* _Exercise requirements_
Copy every line of the material below word for word.
....................
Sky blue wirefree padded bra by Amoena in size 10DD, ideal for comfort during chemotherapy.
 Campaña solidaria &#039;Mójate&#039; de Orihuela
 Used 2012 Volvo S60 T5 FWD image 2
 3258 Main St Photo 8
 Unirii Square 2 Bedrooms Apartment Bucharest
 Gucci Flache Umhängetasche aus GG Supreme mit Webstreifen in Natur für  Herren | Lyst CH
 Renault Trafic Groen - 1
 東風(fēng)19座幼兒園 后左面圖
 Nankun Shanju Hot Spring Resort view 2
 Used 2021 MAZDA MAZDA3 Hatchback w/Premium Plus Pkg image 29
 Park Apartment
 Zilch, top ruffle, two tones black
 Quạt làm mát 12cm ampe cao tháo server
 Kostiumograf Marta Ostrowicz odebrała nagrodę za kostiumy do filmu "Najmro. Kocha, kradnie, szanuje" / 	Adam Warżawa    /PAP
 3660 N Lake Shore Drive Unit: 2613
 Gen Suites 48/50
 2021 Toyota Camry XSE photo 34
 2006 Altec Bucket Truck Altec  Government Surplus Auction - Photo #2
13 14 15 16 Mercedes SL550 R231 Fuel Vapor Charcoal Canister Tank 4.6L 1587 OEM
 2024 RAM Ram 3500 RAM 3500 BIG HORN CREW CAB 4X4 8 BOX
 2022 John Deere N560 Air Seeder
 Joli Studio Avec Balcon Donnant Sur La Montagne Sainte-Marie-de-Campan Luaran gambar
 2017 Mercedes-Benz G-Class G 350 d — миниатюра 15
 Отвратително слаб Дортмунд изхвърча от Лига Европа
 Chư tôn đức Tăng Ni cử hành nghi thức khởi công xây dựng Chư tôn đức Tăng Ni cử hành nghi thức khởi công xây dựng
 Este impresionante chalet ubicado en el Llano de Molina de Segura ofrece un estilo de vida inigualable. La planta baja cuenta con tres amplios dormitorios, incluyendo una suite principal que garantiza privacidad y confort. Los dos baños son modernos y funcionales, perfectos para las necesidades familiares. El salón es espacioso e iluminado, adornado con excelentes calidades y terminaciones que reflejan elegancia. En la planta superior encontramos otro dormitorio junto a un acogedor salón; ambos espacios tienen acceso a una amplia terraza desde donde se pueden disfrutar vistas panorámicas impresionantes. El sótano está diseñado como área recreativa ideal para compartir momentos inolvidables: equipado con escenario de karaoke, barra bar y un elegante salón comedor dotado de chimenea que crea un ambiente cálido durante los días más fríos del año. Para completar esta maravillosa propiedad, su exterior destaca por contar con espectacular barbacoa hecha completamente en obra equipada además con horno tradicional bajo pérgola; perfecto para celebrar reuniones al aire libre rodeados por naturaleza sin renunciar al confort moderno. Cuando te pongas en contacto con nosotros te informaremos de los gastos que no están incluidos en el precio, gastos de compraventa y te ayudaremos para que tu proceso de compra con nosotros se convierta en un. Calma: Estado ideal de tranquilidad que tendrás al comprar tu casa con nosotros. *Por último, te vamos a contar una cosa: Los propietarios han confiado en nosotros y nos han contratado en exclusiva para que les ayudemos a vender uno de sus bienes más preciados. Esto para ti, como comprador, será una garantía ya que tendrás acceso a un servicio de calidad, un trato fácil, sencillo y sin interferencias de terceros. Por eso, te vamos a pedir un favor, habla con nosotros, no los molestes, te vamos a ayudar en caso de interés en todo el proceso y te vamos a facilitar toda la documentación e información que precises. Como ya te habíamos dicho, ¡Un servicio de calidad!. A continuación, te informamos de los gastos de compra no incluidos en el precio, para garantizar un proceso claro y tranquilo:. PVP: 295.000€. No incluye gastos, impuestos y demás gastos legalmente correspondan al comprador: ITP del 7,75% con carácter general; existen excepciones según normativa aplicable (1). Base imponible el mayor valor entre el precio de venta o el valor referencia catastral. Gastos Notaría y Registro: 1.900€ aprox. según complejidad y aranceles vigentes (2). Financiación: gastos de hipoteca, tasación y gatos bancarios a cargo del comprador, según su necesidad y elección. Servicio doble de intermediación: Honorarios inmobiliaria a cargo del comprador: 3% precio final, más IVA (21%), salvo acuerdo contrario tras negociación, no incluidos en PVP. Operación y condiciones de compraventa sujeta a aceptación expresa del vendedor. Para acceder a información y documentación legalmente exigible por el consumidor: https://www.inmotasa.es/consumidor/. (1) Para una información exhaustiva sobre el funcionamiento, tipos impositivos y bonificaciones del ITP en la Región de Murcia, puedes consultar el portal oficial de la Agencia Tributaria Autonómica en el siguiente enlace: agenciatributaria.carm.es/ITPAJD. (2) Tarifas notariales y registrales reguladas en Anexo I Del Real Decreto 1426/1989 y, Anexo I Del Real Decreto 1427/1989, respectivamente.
....................
* _Solution to the exercise_
Sky blue wirefree padded bra by Amoena in size 10DD, ideal for comfort during chemotherapy.
 Campaña solidaria &#039;Mójate&#039; de Orihuela
 Used 2012 Volvo S60 T5 FWD image 2
 3258 Main St Photo 8
 Unirii Square 2 Bedrooms Apartment Bucharest
 Gucci Flache Umhängetasche aus GG Supreme mit Webstreifen in Natur für  Herren | Lyst CH
 Renault Trafic Groen - 1
 東風(fēng)19座幼兒園 后左面圖
 Nankun Shanju Hot Spring Resort view 2
 Used 2021 MAZDA MAZDA3 Hatchback w/Premium Plus Pkg image 29
 Park Apartment
 Zilch, top ruffle, two tones black
 Quạt làm mát 12cm ampe cao tháo server
 Kostiumograf Marta Ostrowicz odebrała nagrodę za kostiumy do filmu "Najmro. Kocha, kradnie, szanuje" / 	Adam Warżawa    /PAP
 3660 N Lake Shore Drive Unit: 2613
 Gen Suites 48/50
 2021 Toyota Camry XSE photo 34
 2006 Altec Bucket Truck Altec  Government Surplus Auction - Photo #2
13 14 15 16 Mercedes SL550 R231 Fuel Vapor Charcoal Canister Tank 4.6L 1587 OEM
 2024 RAM Ram 3500 RAM 3500 BIG HORN CREW CAB 4X4 8 BOX
 2022 John Deere N560 Air Seeder
 Joli Studio Avec Balcon Donnant Sur La Montagne Sainte-Marie-de-Campan Luaran gambar
 2017 Mercedes-Benz G-Class G 350 d — миниатюра 15
 Отвратително слаб Дортмунд изхвърча от Лига Европа
 Chư tôn đức Tăng Ni cử hành nghi thức khởi công xây dựng Chư tôn đức Tăng Ni cử hành nghi thức khởi công xây dựng
 Este impresionante chalet ubicado en el Llano de Molina de Segura ofrece un estilo de vida inigualable. La planta baja cuenta con tres amplios dormitorios, incluyendo una suite principal que garantiza privacidad y confort. Los dos baños son modernos y funcionales, perfectos para las necesidades familiares. El salón es espacioso e iluminado, adornado con excelentes calidades y terminaciones que reflejan elegancia. En la planta superior encontramos otro dormitorio junto a un acogedor salón; ambos espacios tienen acceso a una amplia terraza desde donde se pueden disfrutar vistas panorámicas impresionantes. El sótano está diseñado como área recreativa ideal para compartir momentos inolvidables: equipado con escenario de karaoke, barra bar y un elegante salón comedor dotado de chimenea que crea un ambiente cálido durante los días más fríos del año. Para completar esta maravillosa propiedad, su exterior destaca por contar con espectacular barbacoa hecha completamente en obra equipada además con horno tradicional bajo pérgola; perfecto para celebrar reuniones al aire libre rodeados por naturaleza sin renunciar al confort moderno. Cuando te pongas en contacto con nosotros te informaremos de los gastos que no están incluidos en el precio, gastos de compraventa y te ayudaremos para que tu proceso de compra con nosotros se convierta en un. Calma: Estado ideal de tranquilidad que tendrás al comprar tu casa con nosotros. *Por último, te vamos a contar una cosa: Los propietarios han confiado en nosotros y nos han contratado en exclusiva para que les ayudemos a vender uno de sus bienes más preciados. Esto para ti, como comprador, será una garantía ya que tendrás acceso a un servicio de calidad, un trato fácil, sencillo y sin interferencias de terceros. Por eso, te vamos a pedir un favor, habla con nosotros, no los molestes, te vamos a ayudar en caso de interés en todo el proceso y te vamos a facilitar toda la documentación e información que precises. Como ya te habíamos dicho, ¡Un servicio de calidad!. A continuación, te informamos de los gastos de compra no incluidos en el precio, para garantizar un proceso claro y tranquilo:. PVP: 295.000€. No incluye gastos, impuestos y demás gastos legalmente correspondan al comprador: ITP del 7,75% con carácter general; existen excepciones según normativa aplicable (1). Base imponible el mayor valor entre el precio de venta o el valor referencia catastral. Gastos Notaría y Registro: 1.900€ aprox. según complejidad y aranceles vigentes (2). Financiación: gastos de hipoteca, tasación y gatos bancarios a cargo del comprador, según su necesidad y elección. Servicio doble de intermediación: Honorarios inmobiliaria a cargo del comprador: 3% precio final, más IVA (21%), salvo acuerdo contrario tras negociación, no incluidos en PVP. Operación y condiciones de compraventa sujeta a aceptación expresa del vendedor. Para acceder a información y documentación legalmente exigible por el consumidor: https://www.inmotasa.es/consumidor/. (1) Para una información exhaustiva sobre el funcionamiento, tipos impositivos y bonificaciones del ITP en la Región de Murcia, puedes consultar el portal oficial de la Agencia Tributaria Autonómica en el siguiente enlace: agenciatributaria.carm.es/ITPAJD. (2) Tarifas notariales y registrales reguladas en Anexo I Del Real Decreto 1426/1989 y, Anexo I Del Real Decreto 1427/1989, respectivamente.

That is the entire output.